Yes. The specification defines an algorithm that canonicalizes whatever data is given. The output from the algorithm includes canonicalized identifiers for blank nodes that are produced from the input. New information that wasn’t in the dataset being processed isn’t introduced.

2.3 How do the features in your specification deal with personal information, personally-identifiable information (PII), or information derived from them?

The algorithm canonicalizes any data given to it. Decisions on handling personally identifiable information are up to the application. Therefore these issues, while obviously important, are out of scope for the draft standard.

2.4 How do the features in your specification deal with sensitive information?

See previous answer. Data is only used internally within the application. How any sensitive data is handled is up to the implementation.

2.5 Do the features in your specification introduce new state for an origin that persists across browsing sessions?

No.

2.6 Do the features in your specification expose information about the underlying platform to origins?

No.

2.7 Does this specification allow an origin to send data to the underlying platform?

No.

2.8 Do features in this specification enable access to device sensors?

No.

2.9 Do features in this specification enable new script execution/loading mechanisms?

No.

2.10 Do features in this specification allow an origin to access other devices?

No.

2.11 Do features in this specification allow an origin some measure of control over a user agent’s native UI?

No.

2.12 What temporary identifiers do the features in this specification create or expose to the web?

None. While the specification defines an algorithm that transforms identifiers, the algorithm itself does not expose these to the web. It is up to the application that uses the algorithm to decide whether or how to expose any output from the algorithm.

2.13 How does this specification distinguish between behavior in first-party and third-party contexts?

It does not. The specification defines a canonicalization algorithm that internally rearranges input data to output data. It is up to the application to feed data into the algorithm and use whatever its outputs are.

2.14 How do the features in this specification work in the context of a browser’s Private Browsing or Incognito mode?

This is out of scope. The specification defines an algorithm that can be run in whatever context the application decides to run it in and the algorithm only rearranges input data into a canonical form. Whether the application runs in a browser at all is not defined by this spec.
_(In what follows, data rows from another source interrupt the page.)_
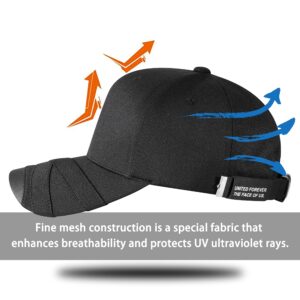 POPKORS Teamlife Max Cool Air Ventilation Mesh Back Performance Sport Outdoor Baseball Cap Hat (Black)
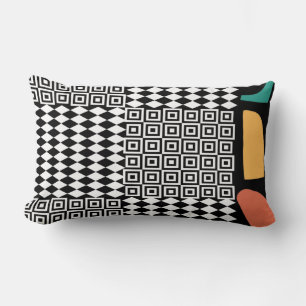 Mid-Century Bauhaus Abstract Geometry Teal & Coral Lumbar Cushion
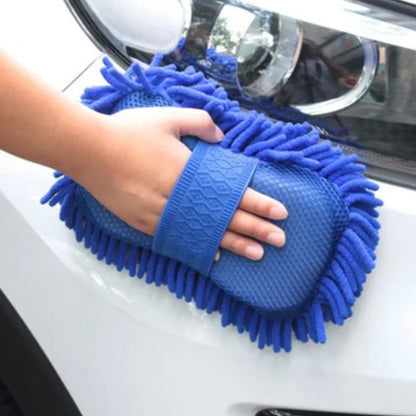 Blue Microfiber Car Wash Sponge – Dual-Sided Cleaning Pad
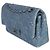 Bolsa clássica de flap duplo médio em denim estampado com corrente azul desbotada Chanel - vista 3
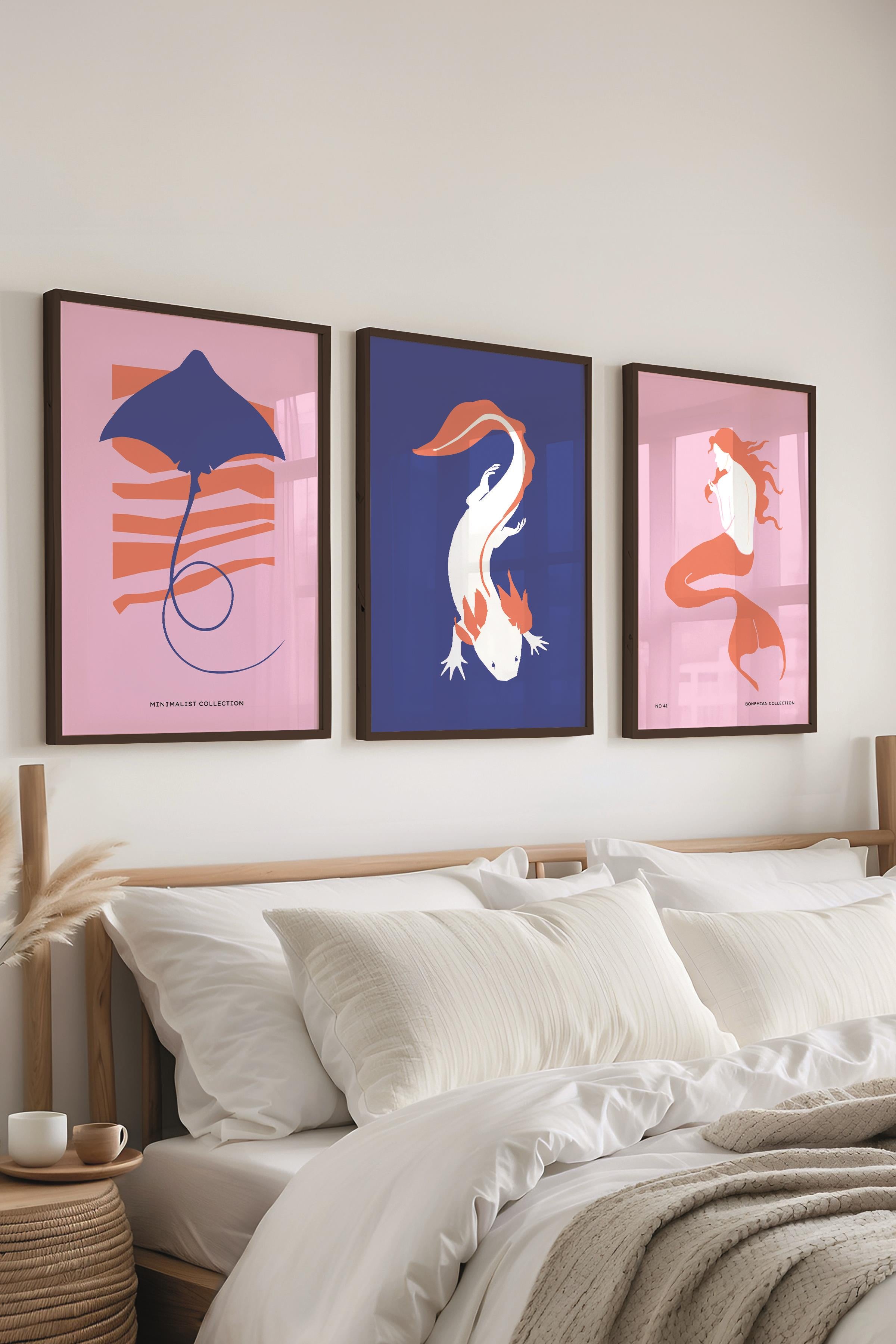 Çerçeveli Tablo Seti, 3 Adet Siyah Çerçeve ve Minimalist Safari Temalı Poster Seti, No:300499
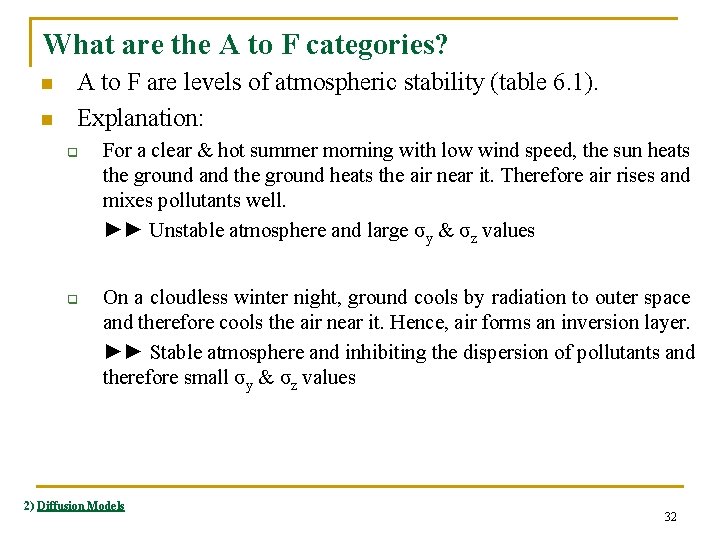 What are the A to F categories? n n A to F are levels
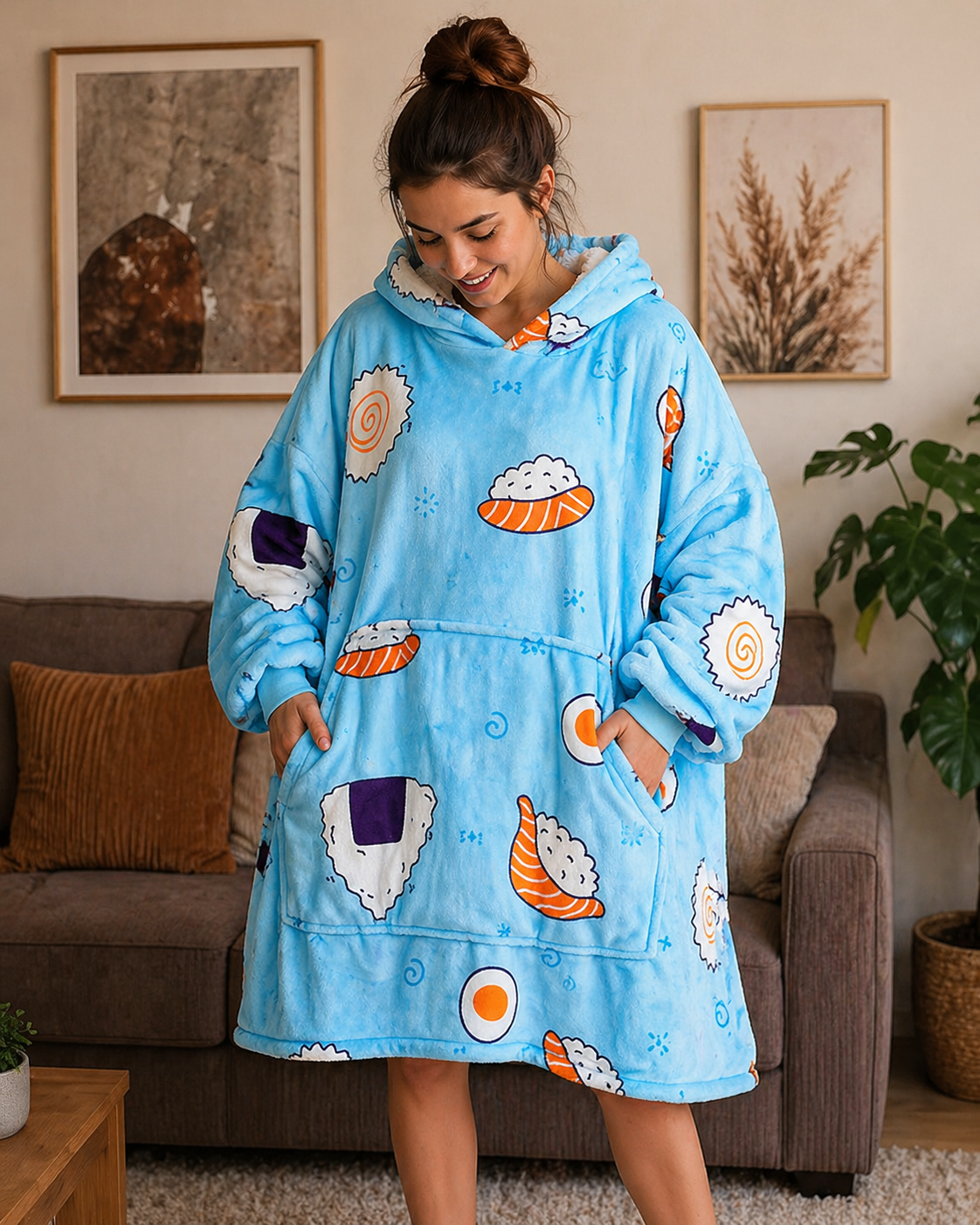 Oversized Wearable Blanket Hoodie – Plush & Personalised - Sushi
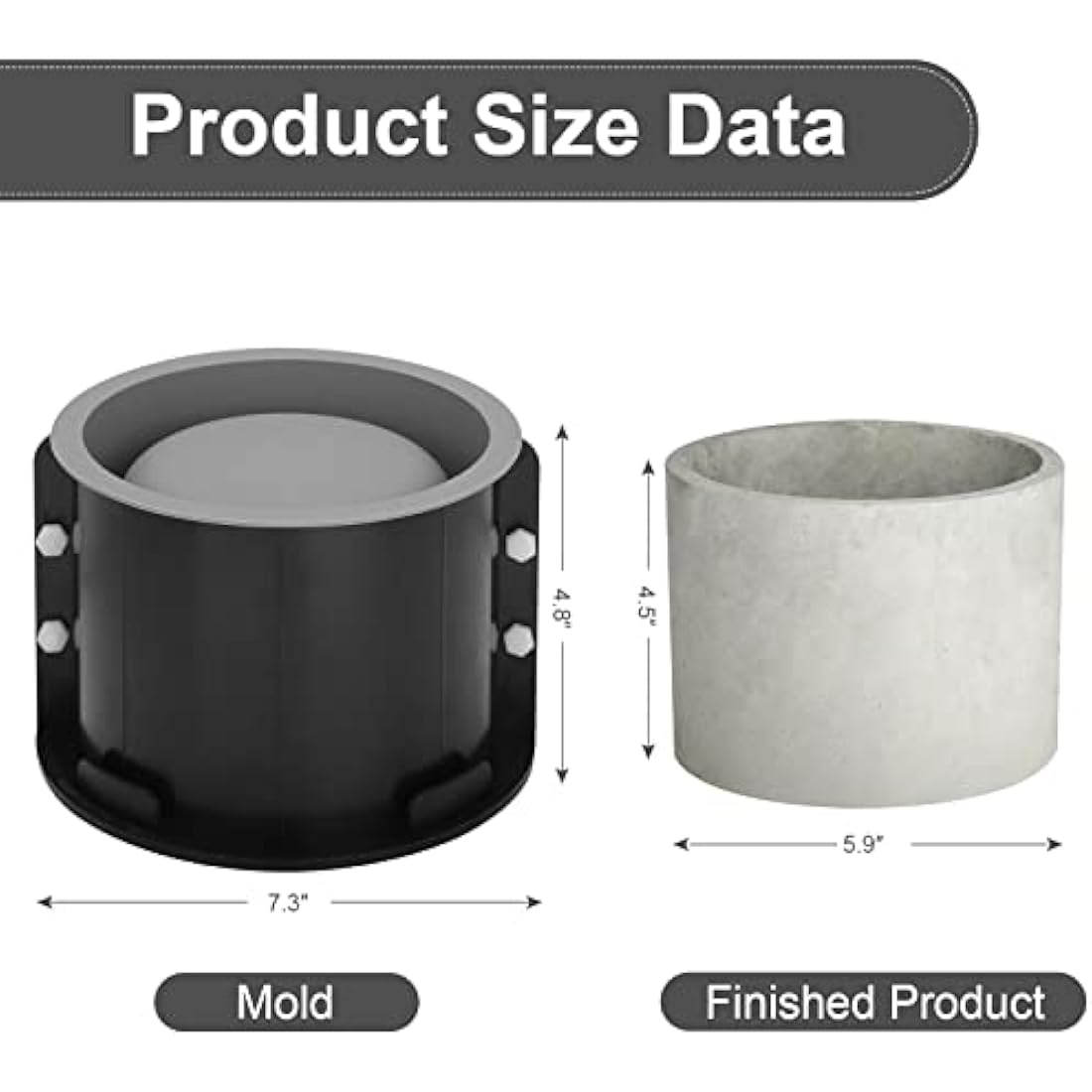 Osilifen 7 Inch Large Round Silicone Planter Mold for Concrete & Cement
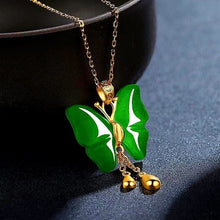 Load image into Gallery viewer, Lokaloca Natural Green Jade Butterfly Pendant Necklace 925 Silver Jewelry
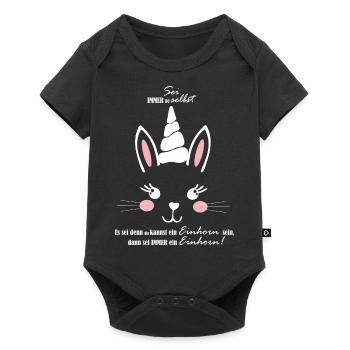 Hase oder Einhorn, oder ein Mischling -Unicorn - Baby Premium Kurzarmbody - Schwarz - Vorne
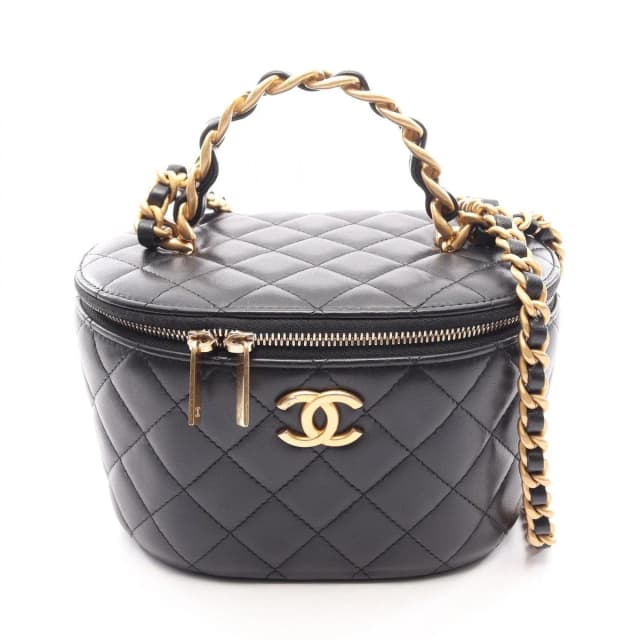 Chanel Shoulder Bag Quilted Vanity 2-Way Black Lambskin Chain in Black Lambskin from The Reluxe, photo 1 of 1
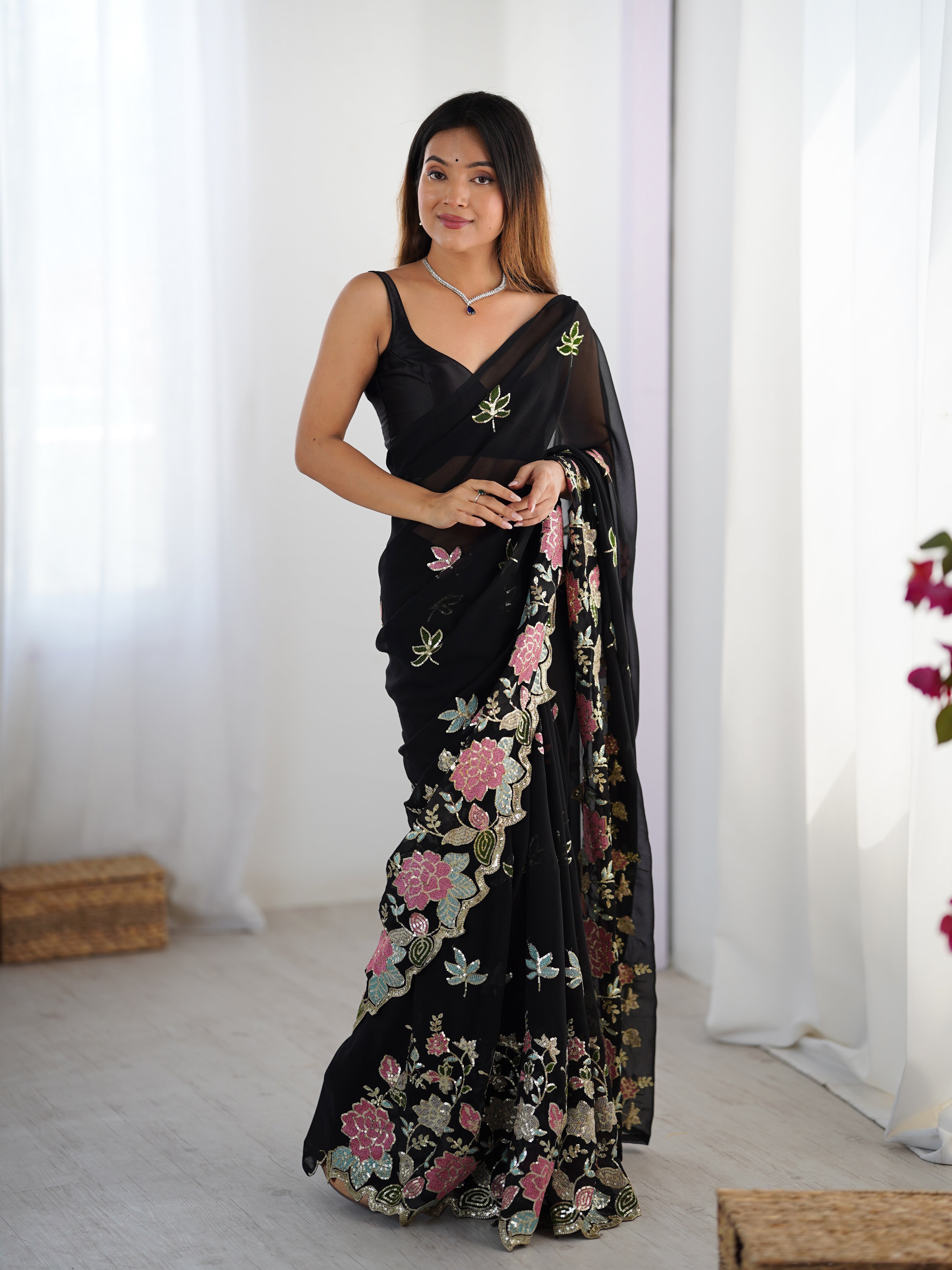 Black Georgette Party Wear Saree | Diamond Silk Blouse with Multi Thread & Sequin Embroidery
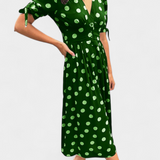 Lizzie Dress Midi Polka-Dot with V-neckline Profundo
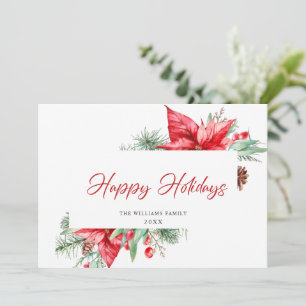 Watercolor Poinsettia Mistletoe Christmas Greeting Holiday Card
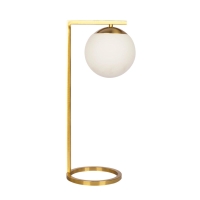Globe Table Lamp with Opal Glass, Inline Dimmer Switch, Brass Material, Perfect for Bedroom, Living Room, 9" L x 7" W x 20" H, Gold+White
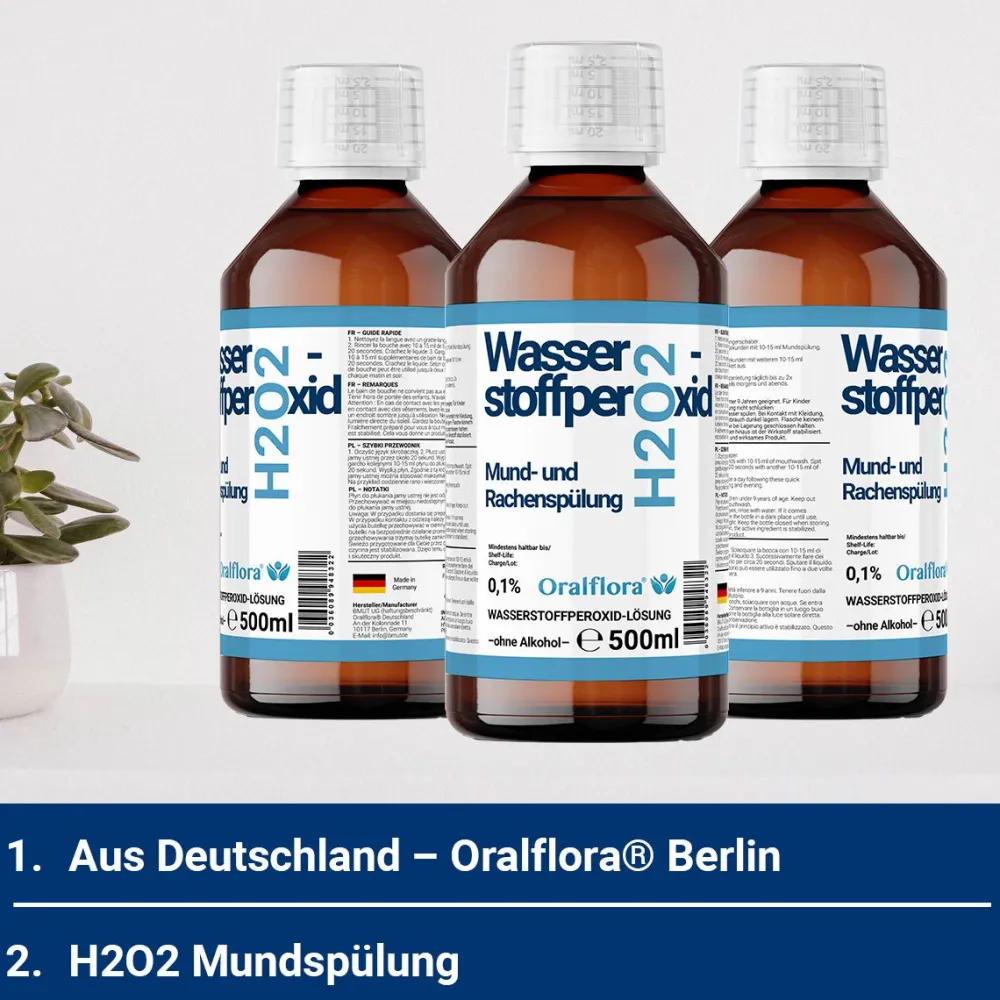 Oralflora Mundspülung H2O2 Wasserstoffperoxid 0,1%> New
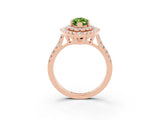 Rose gold Double Halo Marquise Cut Peridot Pavé Band with Four-Prong Setting_3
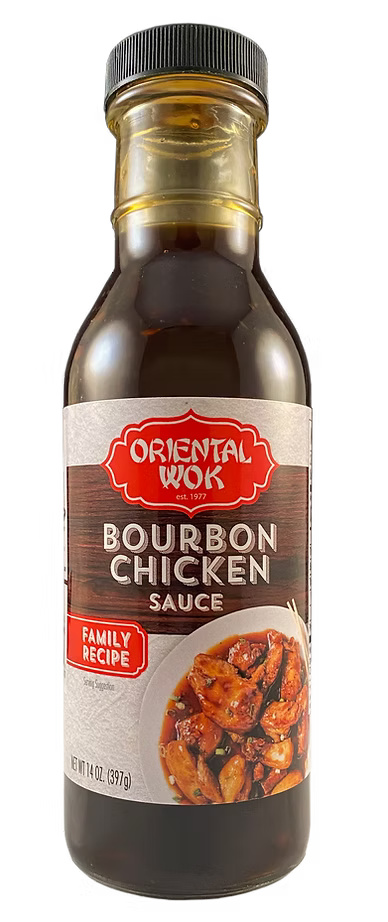 Bottle of Oriental Wok Bourbon Chicken Sauce with a label featuring an image of cooked bourbon chicken.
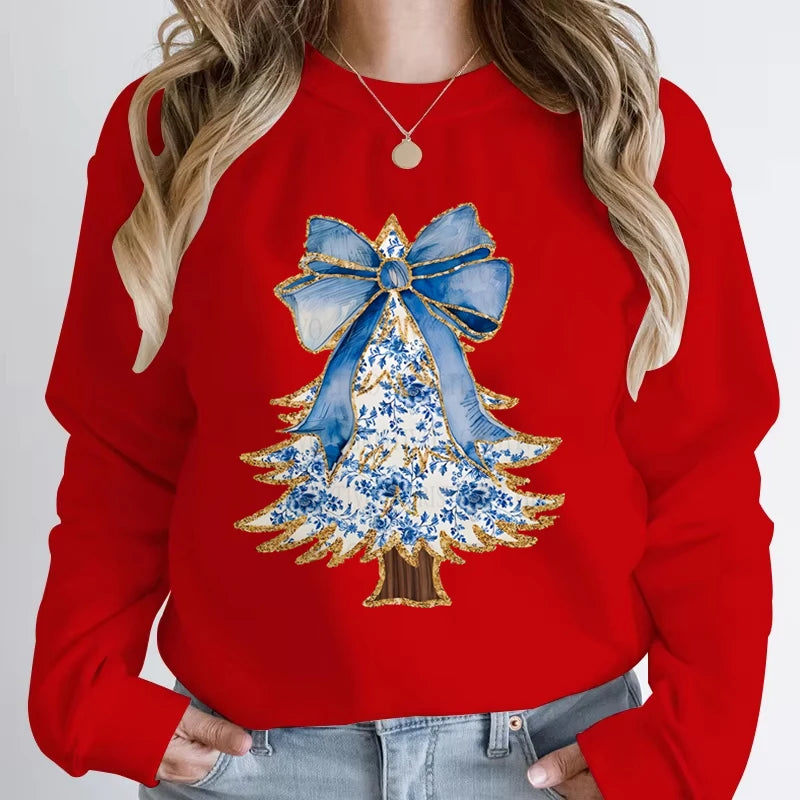 Casual Vintage Christmas Tree Graphic Women Sweatshirts Long Sleeve Crew Neck Y2K Sudaderas Funny Holiday Xmas Hoodless Pullover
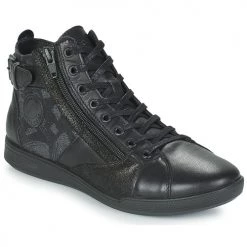 Chaussures Femme Baskets montantes Pataugas PALME WALKIE TALKIE Noir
2.15 Does this specification have both "Security Considerations" and "Privacy Considerations" sections?

Yes. Privacy considerations. Security considerations.

2.16 Do features in your specification enable origins to downgrade default security protections?

No.

2.17 How does your feature handle non-"fully active" documents?

It does not, this is out of scope for a canonicalization algorithm. The canonicalization algorithm works on RDF datasets which are unrelated to non-”fully active” documents.

2.18 What should this questionnaire have asked?

As noted in the preamble, the questionnaire focuses on browsers/Web apps. It does not target the needs of data representation formats, so it is not particularly useful for a whole category of specifications. This might be useful feedback for the privacy group in the long term to add questions to cover more specifications.

Comment by @rhiaro Oct 25, 2023 (See Github)

So sorry for the delay in closing this, we thought we already had! We're happy to see this go forward, and thanks for your detailed responses to our questions.